We sat for a while in the October air. I imagined every one watching us through the window.
We have to go in,
I said. Soon, all the bottles were empty, the lids littering the stoop. I felt heavy, embarrassed. So when you leaned over and put your hand on my knee, I thought it was because you could tell I was sick. I had my lips poised to say,
I think we should drink some water.
But before I could speak you had pushed your palm up the length of my leg, fingertips pressing. The back of my throat made a noise, low and involuntary. You dug your nails in and waited.
I felt automation take over, my fingers straining to touch you back. But it was simple: I was afraid. I would have felt the same fear had your fingers landed there in high school, in college; I would have been afraid if you were sober. I would have been afraid if nobody was watching us through the window; or if nobody had died—if you had ten parents, twenty of them.
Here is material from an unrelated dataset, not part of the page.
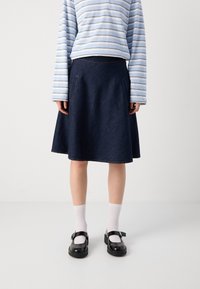 Jeanskjørt med en utsvingt form, mørk blå farge, frontlommer og kontraststing, kombinert med en stripete langermet topp og svarte sko.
I couldn't touch you. I couldn't do, at that moment, what you were asking me to do.
Don't,
I murmured, stopping your hand with mine. You snatched your hand back, got up, and stumbled inside. You slammed the door as the cop came around the block again, peering like a predator. I swept the bottles to the dirt patch beneath the bushes and trudged up the steps, then through a small crowd milling in the foyer. I scanned the room and didn't find you there or in the dining room, the kitchen, the den. I walked up the steps and went into your old bedroom, the room where we had watched bad TV in high school and whispered our earnest, youthful convictions. The place where I had once cried after confessing some dumbfuck misdeed: I had, without any real motive, defamed a kid I had known for six grades, and though I
forget what I was telling people—he was gay? A virgin? A gay virgin?—I know it was wholly invented. In that room one evening, after two pilfered lite beers, I had wept,
I'm not a bad person.
All I could do was hope it was true.
Of course you aren't,
you had said, because you believed it.
The same posters, now comically dated, were tacked to the wall, and dried roses hung upside down from the ceiling fan's beaded pull-chain. Next to your bed was the novelty phone you had had forever, translucent plastic that lit up from within when a call came through. There was a sharp air-freshener smell. I hadn't been in there in years.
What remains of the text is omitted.